To predict an election win for Donald Trump you need three pieces of information:
- How people plan to vote – for Donald Trump or somebody else.
- Where they plan to vote – because only the swing states matter in the US electoral college
- Whether they actually do vote – because around 40% of people don’t vote – either because of lack of motivation, not enough information on where and how to vote, or because it’s been made hard or impossible by voting laws (e.g. requiring a specific type of ID to vote).
I’m a great fan of social listening – in fact I’ve been using it daily for 10 years on scores of clients. But it’s simply not up to these three challenges.
Who are you listening to?
Firstly we can’t tell anything about whether people are able to vote. To do that you’d need a database of everyone in the USA who is registered to vote – and a reliable way to cross-reference them to social media accounts.

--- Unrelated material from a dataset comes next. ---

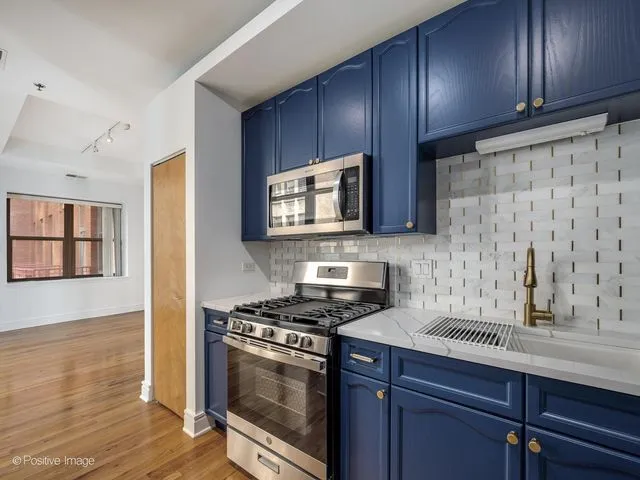 212 W Washington St 60606 60606-unit#1413-Chicago-IL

There are ways to do this, and doubtless the Democrats (who are years ahead of the Republicans in this field) have done some of this. Political parties have access to large voter databases, lots of data on how people have voted in the past, and models of how different groups are thinking about the election. But it’s hard, messy, and nobody has published results in the public domain.
It’s worth noting at this stage that turnout is probably where the state level polls got the election wrong. Trump supporters were more enthusiastic, and Clinton supporters less enthusiastic, than expected. This is the best explanation for why both campaigns were surprised that Clinton lost.
Where: On Twitter, nobody knows if you’re a dog (or in North Dakota)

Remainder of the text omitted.